As the program has developed, critics have become concerned about its size and scope, lack of transparency and articulation of long-term plans. Further, the issue of so-called “orphan works,” those works that have fallen out of copyright protection and are therefore without rights holders, as well as hints of monopoly practices have been of particular concern. Furthermore, Darnton highlights a more generalized concern about Google, in general, which is their lack of commitment to the public good on any long-term basis. Despite their company motto that espouses do-gooding as the primary mission statement (“Don’t be evil”), Google remains a for-profit private entity: “as a commercial enterprise, Google’s first duty is to provide a profit for its shareholders, and the settlement leaves no room for representation of libraries, readers, or the public in general” (Darnton 2009).
As Google Books has turned its eye offshore, some of its potential target markets and sites of content, France and Germany, responded from a state level, with typically high-brow/high-culture arguments appealing to each country’s long history of resisting the commodification and control of its cultural output by others. The case of France is particularly reminiscent of another attempt by that nation to resist U.S. corporate digital hegemony, constructing the Minitel, a major national digital communications infrastructure and platform, in large part to resist the encroachment of IBM.

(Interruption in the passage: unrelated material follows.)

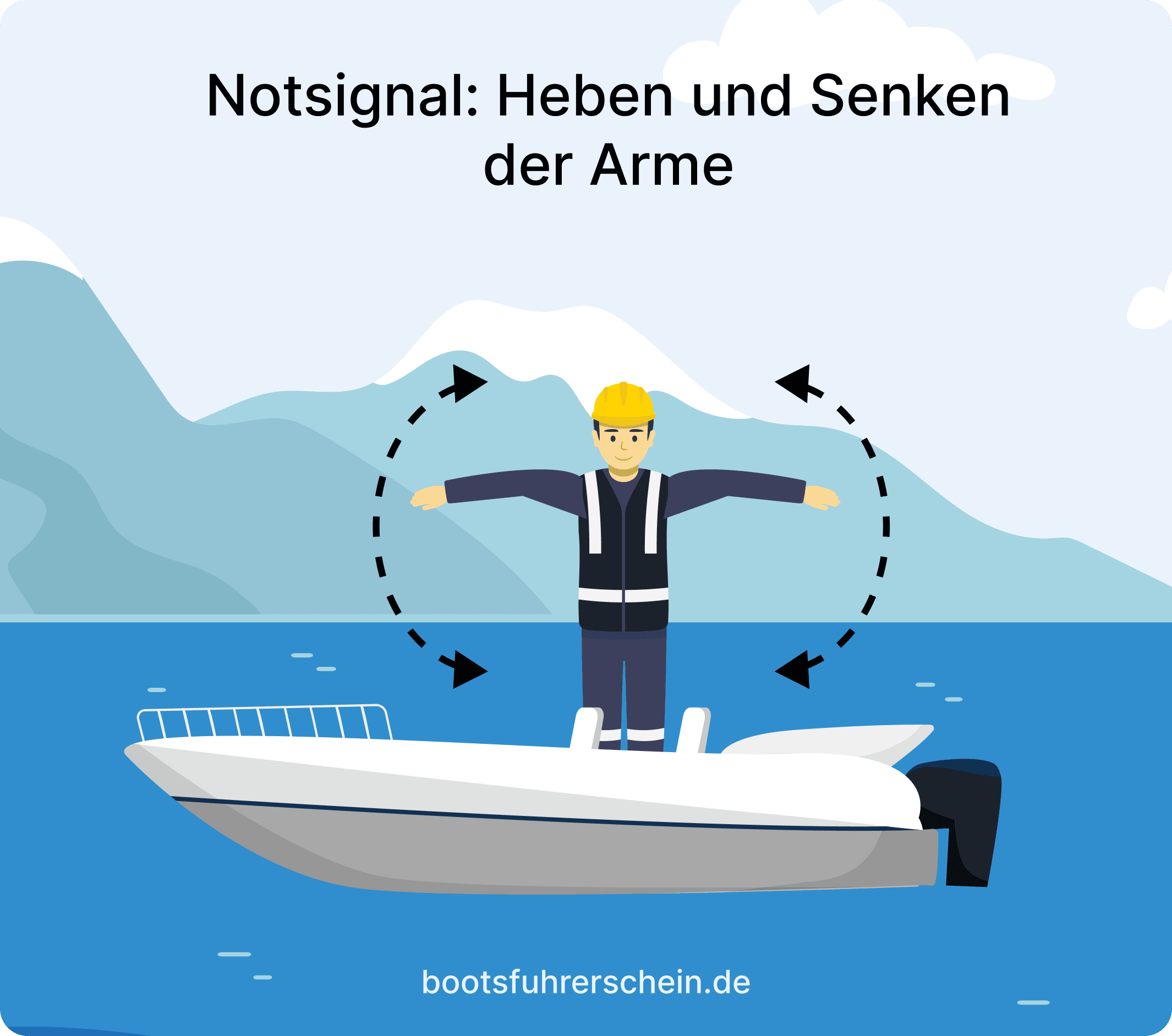 Notsignale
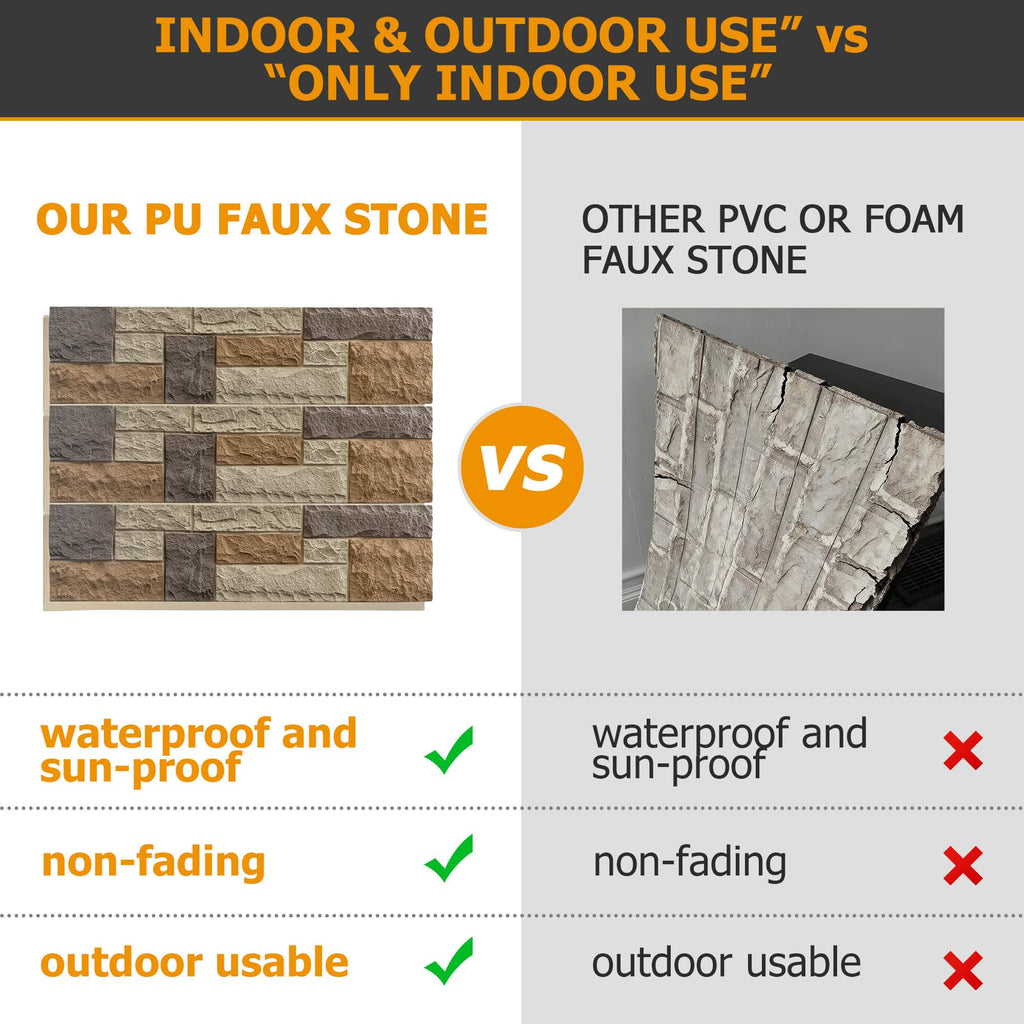 Faux Stone Wall Panels, 1-Pack Premium PU Stone Veneer for Indoor/Outdoor, 3D Artificial Rock Siding for Fireplace Surround & TV Accent Wall, English Brown Castle Stone, 45.67"x11.8"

Yet the US government has finally, albeit weakly, gotten into the anti-GBS act. Instead of the high-culture protectionist rhetoric of Germany and France, the Department of Justice preferred an appeal to free markets. Darnton finds irony in “foreign governments defending a European notion of culture against the capitalistic inroads of an American company.”
One of the DoJ’s main concerns centered around the issue of orphan works, which, in Google’s original plans, would simply be sucked up into the GBS, with the potential to be sold back, via the subscription service it is planning around the project, rather than relegating it to a place in the commons. The new solution in GBS 2.0 does little to resolve the issue, as the proposed opt-in vs. the current opt-out paradigm, remains unenforced. Google can obtain content unless the creator(s) opt out. If a creator cannot be located, or does not know to object, the material is considered fair game for inclusion, and Google can happily digitize, repackage and sell the material. This turns the GBS situation into one of _obligatory_ produsage, where the seeming nuance of “opt-in” vs. “opt-out” actually becomes the key factor. And, once again, the regime of contracts seems to trump other regimes and operate as de facto law.
Darnton, writing in November of last year, proposes state intervention in the form of a national digital library, as a viable alternative to the GBS. Reading now, such a notion seems like a naive and distant dream, just slightly less than a year later, in the midst of economic meltdown, gulf oil disaster, unrelenting war and the biggest release of digital state documents in American history – an event which will undoubtedly sour the government against any new entrees into facilitating digital data access by the people. Meanwhile, Google will chug merrily along, ingesting unquantifiable amounts of material into its insatiable mouth.